For starters, the barbarian’s fury generators hit hard and feel good to use. Bash and Cleave are both solid, meaty attacks with good sound effects and a feeling of power behind them – you can easily wade into a mass of zombies or demons and kill them all with Cleave, if you don’t feel like spending fury. Some people deliberately use the Berserker Rage passive and don’t use many fury spender attacks in Diablo III, that’s how good the baseline fury get moves are. I doubt we’d ever get a warrior design that allowed us to just pool our rage to 120 and do effective damage without spending any, but it serves to show you how Diablo III has made its fury generators interesting and fun to use. The passive skills in D3 and its ability runes are wildly better than WoW‘s major/minor runes, and frankly the whole system should be scrapped and modeled after what Diablo III is doing. Allowing warriors to alter their rage so that it didn’t degenerate out of combat would solve the nightmarish feeling of watching your group get stronger while you get weaker.

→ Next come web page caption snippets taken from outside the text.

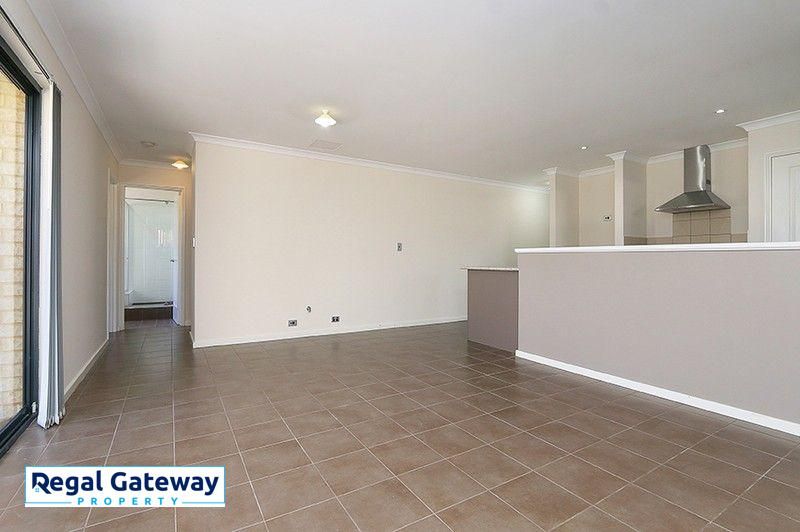 141 Railway Avenue, Kelmscott WA 6111, Image 2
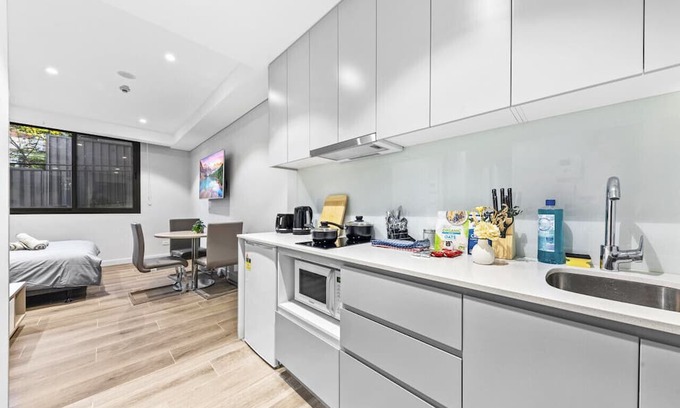 Roseville Apartment | comfy studio near Roseville station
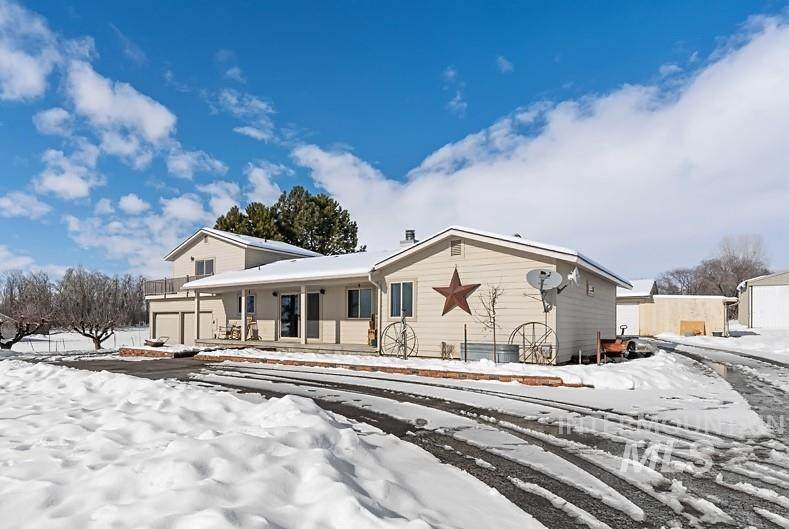 1300 Beverly Ave - Photo 1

In general, the strengths that Diablo III shows and World of Warcraft lacks are as follows:
- Customization of resource – Diablo III allows you to design how fury works for you. You can have it automatically refilling itself back to full over time, so that you won’t have to start a combat with no fury. You can make it so you don’t want to spend fury, but simply hold onto it for a damage buff. The resource is moddable to how you want it to play. Compare that to rage in WoW – the closest we get is that rage can be altered by switching stances, but this is far less flexible. There are various ways for warriors to increase their rage generation – itemization, for one – but since WoW uses auto-attacks to generate rage and Diablo III completely lacks them, fury generation can be completely on the back of the fury generation attacks, which can therefore hit harder and feel more important.

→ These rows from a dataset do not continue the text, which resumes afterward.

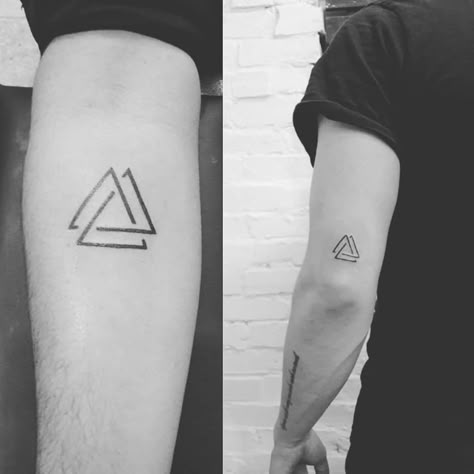 Brother Tattoos, Unique Small Tattoo, Ear Tattoo Ideas, Sticker Tattoo, Tattoo Trend, Wrist Tattoos For Guys, Tattoo Desings, Anime Wallpaper Phone, Artistic Inspiration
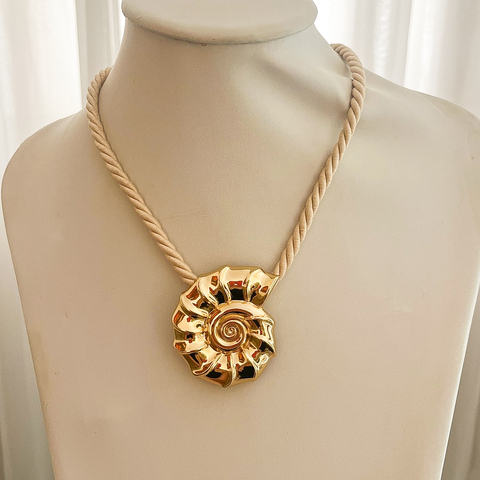 Colar Máxi Concha em Cordão 109cm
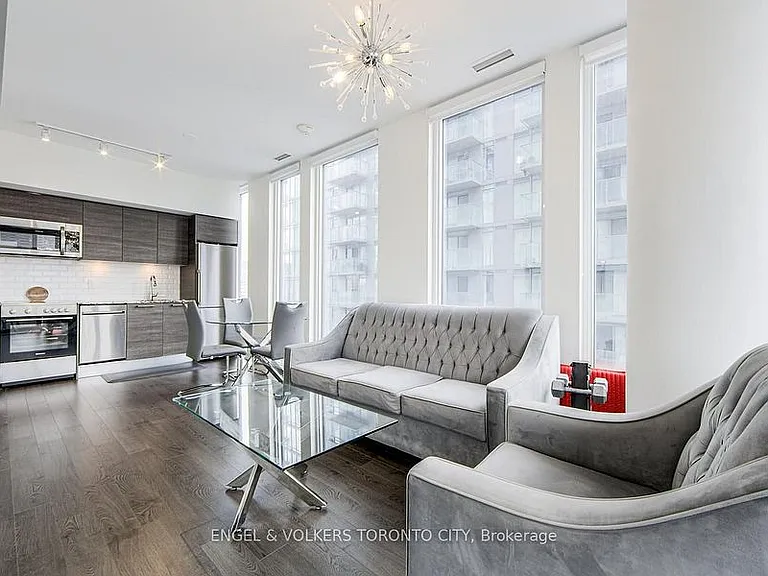 28 Wellesley St E #1104 — Photo 44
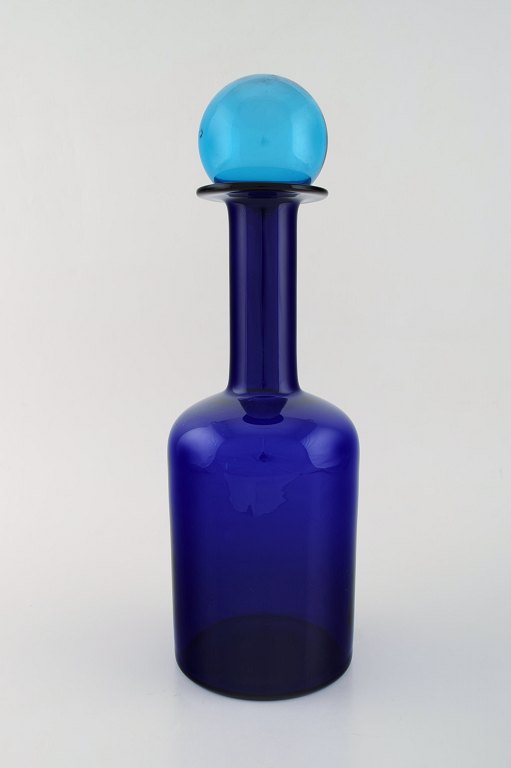 Otto Brauer for Holmegaard. Stor vase/flaske i blåt kunstglas med blå kugle. 
1960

- Fluidity of play – Diablo III feels far more responsive. If you want fury, you hit things. The globe fills up, you then unleash it (or don’t, if you have Berserker Rage). There are fewer abilities to keep track of, those that you have tend to be important and often used. Diablo III barbarians have four or five abilities per slot, but only six slots total and have to make choices at every stage. Warriors have a lot of abilities that are baseline across the class, and some of these abilities are rarely used, only used in panic situations (Die by the Sword, Shield Wall) or are even bad to use outside of certain situations. Diablo III has no ‘traps’ of this kind. Hitting Cleave is never a bad idea in Diablo III, whereas using Cleave on your warrior can often be disastrous.
- Better abilities. Some abilities are just flat out better in Diablo III than they are in WoW. Seismic Slam makes Shockwave look silly. Partially this is rooted in how Diablo III treats combat compared to how WoW does it – it’s okay for your barbarian to annihilate 35 demons with one attack, whereas in WoW combat against equal level enemies (even non elites) tends to take a few seconds. But using Diablo III’s version of Whirlwind makes you sad to go back to WoW and play your warrior, who despite being a Titan’s Grip dual wielding enormous weapons can barely manage the rage to hit WW twice.

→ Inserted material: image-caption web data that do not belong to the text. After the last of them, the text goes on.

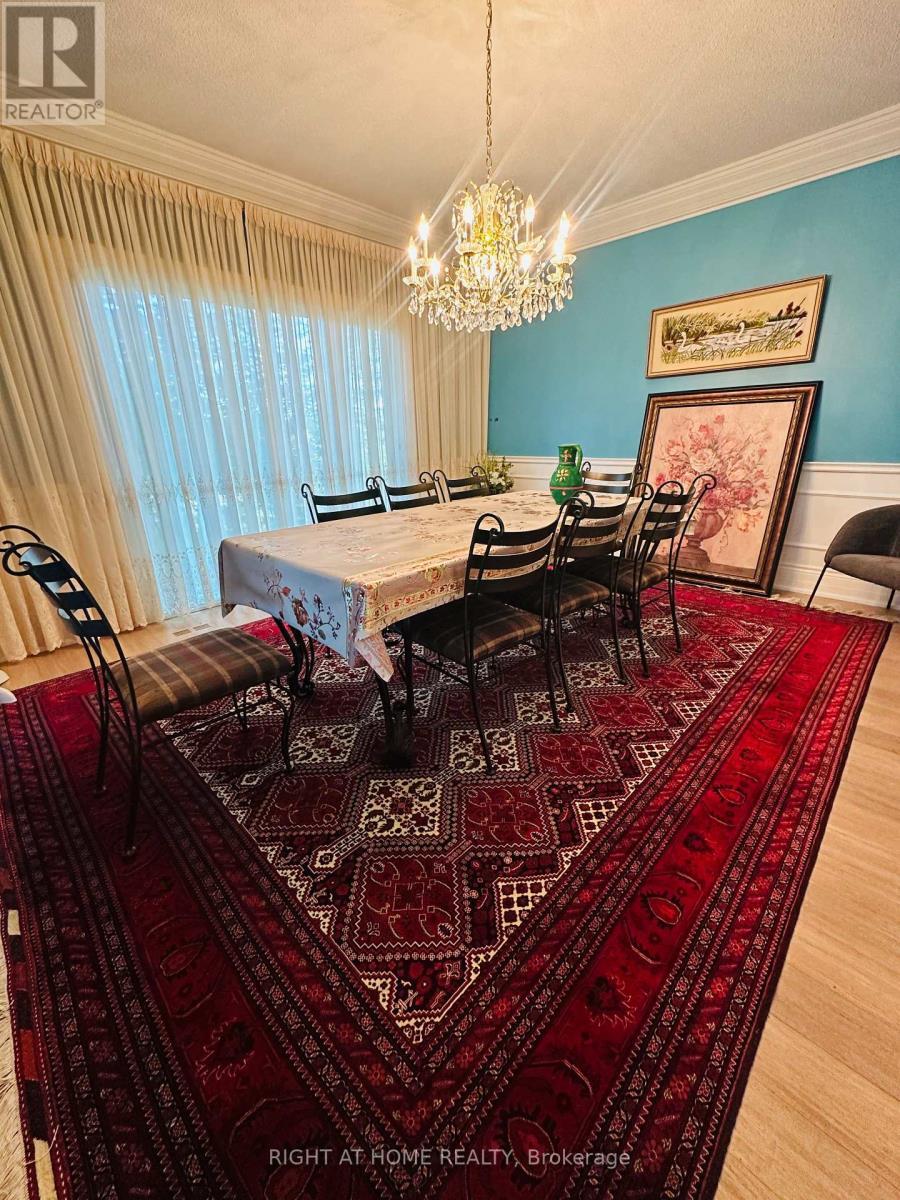 12 Keily Crescent E, Caledon, ON - Indoor Photo Showing Dining Room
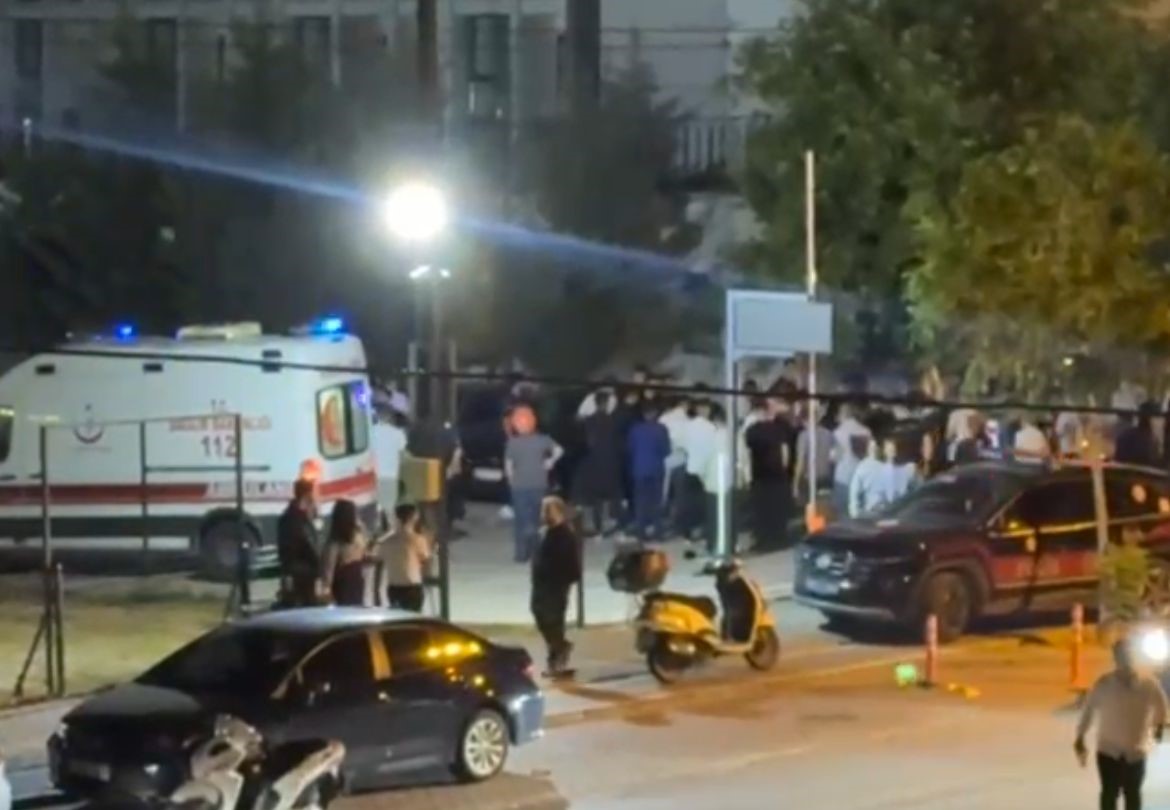 Bursa'nın Nilüfer ilçesinde iki kişi, tartıştıkları bir vatandaşı sokak ortasında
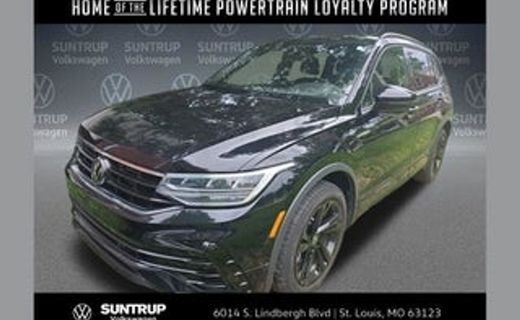 2023 Volkswagen Tiguan SE Black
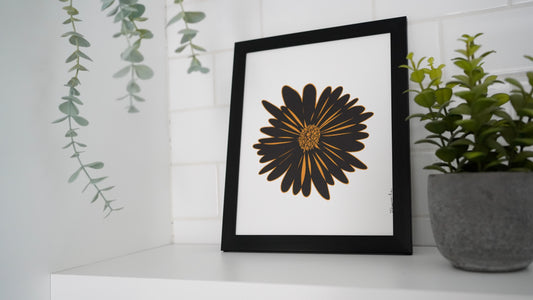 Fleur noire et orange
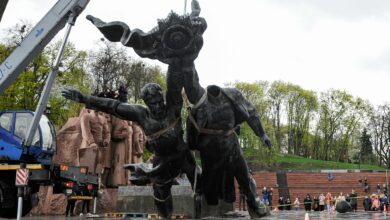 Photo of Kiev destruye estatua, símbolo de la amistad con Rusia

- There are items, passive skills, and other means to raise your maximum fury, meaning that as you level, you can have more fury available to do more with. WoW lacks any such mechanism outside of a glyph,
I doubt WoW is going to do away with autoattack, so to a degree we simply have to accept that some of our damage and rage will be coming from this source, meaning that attacks like Bloodthirst and Mortal Strike won’t see a damage increase or a rage increase. This is a shame, but it’s understandable. One thing WoW might copy is the idea of options in terms of what your rage generation attack is – rather than simply having only one that’s determined by spec, a couple of options might be preferable, with different effects. Making it so Cleave generated rage and was a useful rage generator for AoE fights would be nice, for instance – you would still use Bloodthirst or MS for single target, but when the adds came in you’d start spamming Cleave to get enough rage to throw out Whirlwind.
Frankly, the WoW warrior needs to feel more powerful. This means he needs to be more powerful, yes, but really it’s not damage that’s as important as that fluidity. Feeling your rage leak away while everyone else regains mana or energy is a terrible mechanic to keep enshrined in the game. It’s brutal to force warriors to have to start over while everyone else regenerates, and it should be long gone. More warrior attacks should have a method to regain fury on use (the Diablo III barbarian can glyph his Whirlwind to give him rage when it strikes multiple enemies, making it almost permanently useable in target rich environments, and that’s miles more fun than the fury warriors two WW and out of rage situation). In general, while the barbarian has to manage fury, the means to do so is simple and easily done, while for warriors it’s often tedious and slow. Speed it up.